Here's the associated graph:

image
DmitryLitvintsev commented 1 year ago

Does /pnfs/grid.sara.nl/data/swiftbackup/pbl/owncloud751 have millions of entries? And do you have a way of finding our that the listing actually succeeded? (see my previous message). Before I move on to touch the code I wanted to make sure that we are not seeing PnfsManager just spinning its wheels? I think WebDAV door access file would have an answer (if listing completed or timed out).
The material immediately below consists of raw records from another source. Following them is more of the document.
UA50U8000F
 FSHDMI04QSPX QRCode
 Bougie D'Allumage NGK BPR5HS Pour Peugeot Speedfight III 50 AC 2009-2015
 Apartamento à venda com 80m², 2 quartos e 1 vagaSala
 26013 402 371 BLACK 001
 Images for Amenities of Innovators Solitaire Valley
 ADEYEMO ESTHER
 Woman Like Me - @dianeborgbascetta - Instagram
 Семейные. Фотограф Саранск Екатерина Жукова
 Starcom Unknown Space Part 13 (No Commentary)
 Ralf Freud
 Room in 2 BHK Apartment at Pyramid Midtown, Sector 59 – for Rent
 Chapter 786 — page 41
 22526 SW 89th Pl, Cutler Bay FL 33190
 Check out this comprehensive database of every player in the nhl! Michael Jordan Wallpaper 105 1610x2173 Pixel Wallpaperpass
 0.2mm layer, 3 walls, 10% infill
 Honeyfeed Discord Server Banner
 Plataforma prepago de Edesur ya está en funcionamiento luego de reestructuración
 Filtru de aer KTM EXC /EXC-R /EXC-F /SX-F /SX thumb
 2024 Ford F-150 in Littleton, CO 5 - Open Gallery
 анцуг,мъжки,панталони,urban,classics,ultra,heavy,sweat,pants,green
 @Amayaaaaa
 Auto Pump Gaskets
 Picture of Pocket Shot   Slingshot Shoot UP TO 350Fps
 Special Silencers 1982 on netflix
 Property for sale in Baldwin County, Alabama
(The more I think about a listing that lasts > 1 hour, the less I am convinced that it is actually needed and could be an artifact of some other activity, like inadvertent "ls" whose only purpose is establishing that destination directory exists. We have seen something like that at Fermilab).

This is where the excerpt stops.